Il s'oppose à chacun des moyens adverses et soutient que depuis mars 1988 il a dû supporter de la part de [A] [Z] [K] coauteur du supérieur hiérarchique un comportement matérialisé par de nombreuses fautes répétées à son encontre et caractérisé par une véritable intention de lui nuire, cette situation étant responsable d'une dégradation des ses conditions de travail, mais aussi de sa santé lui occasionnant un préjudice dont il demande réparation.
Il critique le jugement déféré qui comporte dans sa motivation une contradiction évidente.
Il argue:
-de pressions endurées tendant à obtenir sa démission en novembre 1988 suite à sa prise de fonction le 8 septembre 1988 de conseiller prud'homme,
- du non versement des salaires et accessoires à compter du mois de novembre 1988,
- de sa radiation de la liste de fondé de pouvoir sur proposition de [A] [Z] [K],
- son licenciement discriminatoire à l'instigation de [A] [Z] [K],
- le défaut de déclaration des arrêts de cessation de travail, de délivrance de l'attestation patronale, d'information de l'assurance prévoyance entreprise du groupe Proxima, absence de déclaration de l'accident du travail ,
- le dénigrement à son encontre destiné à briser toute carrière et lui faire perdre son honneur.

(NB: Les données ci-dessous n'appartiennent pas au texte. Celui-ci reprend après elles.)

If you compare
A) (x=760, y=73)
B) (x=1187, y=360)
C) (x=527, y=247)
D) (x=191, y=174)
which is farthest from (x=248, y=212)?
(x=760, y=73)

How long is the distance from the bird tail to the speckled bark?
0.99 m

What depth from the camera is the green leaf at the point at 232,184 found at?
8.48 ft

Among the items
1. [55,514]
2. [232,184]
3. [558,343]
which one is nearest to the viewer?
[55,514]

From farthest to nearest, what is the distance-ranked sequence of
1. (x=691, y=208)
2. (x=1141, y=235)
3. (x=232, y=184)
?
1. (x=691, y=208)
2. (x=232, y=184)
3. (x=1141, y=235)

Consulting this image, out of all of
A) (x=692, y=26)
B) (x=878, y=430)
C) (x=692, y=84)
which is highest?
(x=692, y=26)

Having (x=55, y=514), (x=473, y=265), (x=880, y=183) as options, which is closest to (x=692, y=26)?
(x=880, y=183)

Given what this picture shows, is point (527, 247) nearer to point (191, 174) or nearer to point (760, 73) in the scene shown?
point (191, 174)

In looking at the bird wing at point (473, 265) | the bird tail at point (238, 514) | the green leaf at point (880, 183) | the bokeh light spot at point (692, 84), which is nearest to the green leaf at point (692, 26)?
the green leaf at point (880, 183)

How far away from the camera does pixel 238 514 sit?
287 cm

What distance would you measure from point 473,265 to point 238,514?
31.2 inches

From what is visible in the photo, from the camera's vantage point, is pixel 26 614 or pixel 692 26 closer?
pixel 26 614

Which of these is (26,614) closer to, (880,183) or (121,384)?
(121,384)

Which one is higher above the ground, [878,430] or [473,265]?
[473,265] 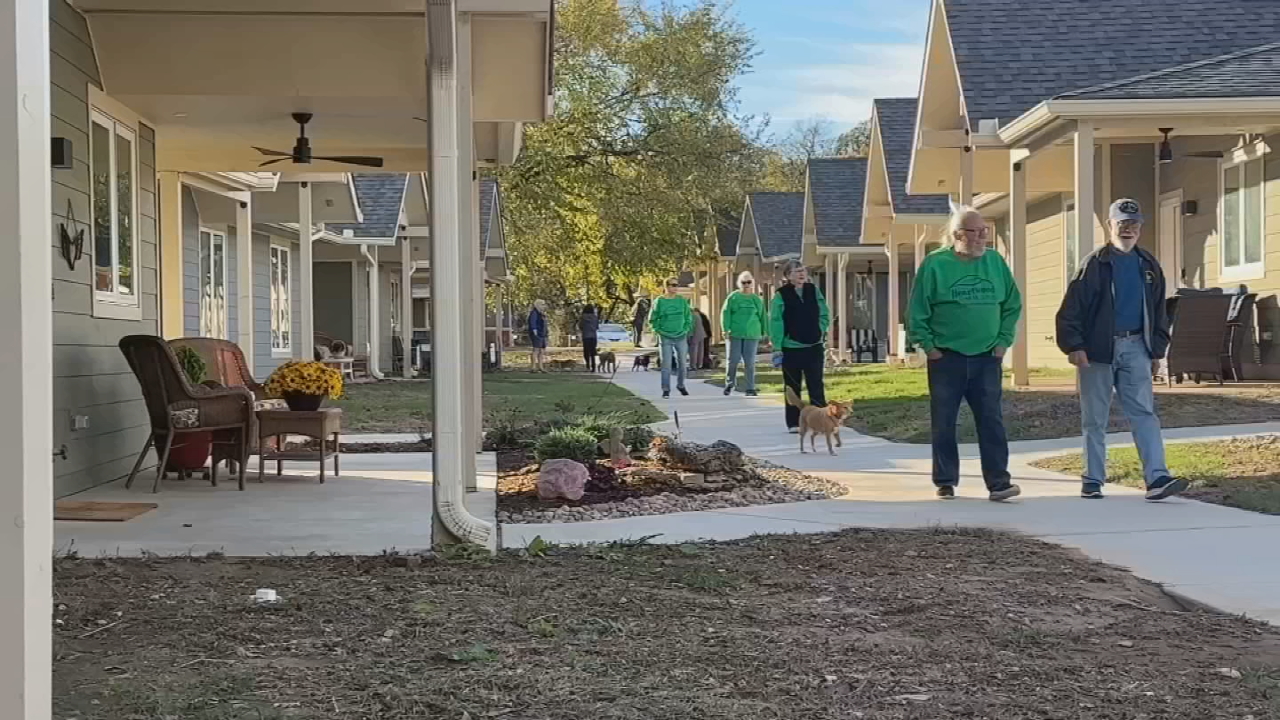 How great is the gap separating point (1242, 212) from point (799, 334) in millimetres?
6021

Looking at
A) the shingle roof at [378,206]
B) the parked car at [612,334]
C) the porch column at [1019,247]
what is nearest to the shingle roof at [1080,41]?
the porch column at [1019,247]

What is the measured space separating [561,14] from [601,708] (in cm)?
3160

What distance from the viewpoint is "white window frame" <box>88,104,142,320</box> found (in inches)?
322

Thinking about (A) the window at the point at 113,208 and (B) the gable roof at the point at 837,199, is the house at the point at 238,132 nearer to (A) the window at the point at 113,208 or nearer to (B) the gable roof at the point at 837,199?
(A) the window at the point at 113,208

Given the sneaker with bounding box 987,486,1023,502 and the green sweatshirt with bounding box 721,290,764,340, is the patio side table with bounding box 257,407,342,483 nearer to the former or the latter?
the sneaker with bounding box 987,486,1023,502

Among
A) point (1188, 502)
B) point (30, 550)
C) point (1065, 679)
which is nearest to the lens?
point (30, 550)

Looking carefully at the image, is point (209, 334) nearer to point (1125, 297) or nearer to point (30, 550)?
point (1125, 297)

Il insiste sur la responsabilité personnelle de[A] [Z] [K], les fautes qui lui sont imputables qu'elles puissent ou non recevoir la qualification de harcèlement étant des fautes intentionnelles largement démontrées dans leur matérialité et d'une particulière gravité incompatible avec l'exercice normal de ses fonctions et considère qu'il est bien fondé à demander la reconnaissance des fautes inexcusables imputables à l'intimé qui a agi dans le cadre de ses fonctions et à obtenir conformément aux règles du droit commun, la réparation du préjudice résultant des ces fautes.
Aux termes de ses écritures dites récapitulatives et en réponse, [A] [Z] [K] conclut à la confirmation du jugement déféré sauf à voir sa demande reconventionnelle accueillie.
Il sollicite qu'il soit:
*dit toutes les actions et toutes les demandes de l'appelant irrecevables à son encontre:
- comme prescrites et forcloses pour celles relatives au paiement des salaires et accessoires, celles relative à la reconnaissance d'un syndrome anxio dépressif, celles relatives à la reconnaissance de fautes intentionnelles et/ou inexcusables de l'employeur,
- comme se heurtant au principe de l'autorité de la chose jugée et au motif que la cour est ratione materiae incompétente pour connaître des réclamations de l'appelant et ce au titre de son prétendu syndrome dépressif, de ses demandes de reconstitution du droit à la retraite, de la reconnaissance de la prétendue faute inexcusable ou intentionnelle de l'employeur et de tout chef de demandes qui se rattache à ses réclamations,
*si par impossible l'action était déclarée recevable, dit les demandes mal dirigées et non fondées en droit et en fait, l'absence de harcèlement moral imputable, dit qu'il peut être considéré en droit comme en fait tenu à une quelconque obligation contractuelle vis-à-vis de [J] [V], dit qu'il doit être mis purement hors de cause,
*en conséquence, rejeté l'ensemble des demandes de l'appelant formulées tant à titre principal qu'à titre subsidiaire, ou figurant dans ses dernières écritures,
*reconventionnellement, condamné l'appelant à lui payer:
- 10'000 € sur le fondement de l'article 700 du code de procédure civile,
- 10'000 €sur le fondement de l'article 1382 du code civil pour procédure abusive,
*statué ce que de droit sur les mérites d'une amende civile à l'encontre de l'appelant,
*condamné l'appelant aux entiers dépens des instances
Il tient à faire observer que la société Cophoc devenue Schell Direct qui a été seule en relation de travail avec [J] [V] a été parfaitement autonome de la société mère, ce que n'ignore pas l'appelant qui a pendant 20 ans exclusivement intenté ses procédures contre la société Cophoc dont il a été débouté à l'exception de celle relative au motif réel et sérieux du licenciement et qui tente depuis trois ans de porter ses actions contre la société des Pétrolles Schell, actions qui sont régulièrement rejetées.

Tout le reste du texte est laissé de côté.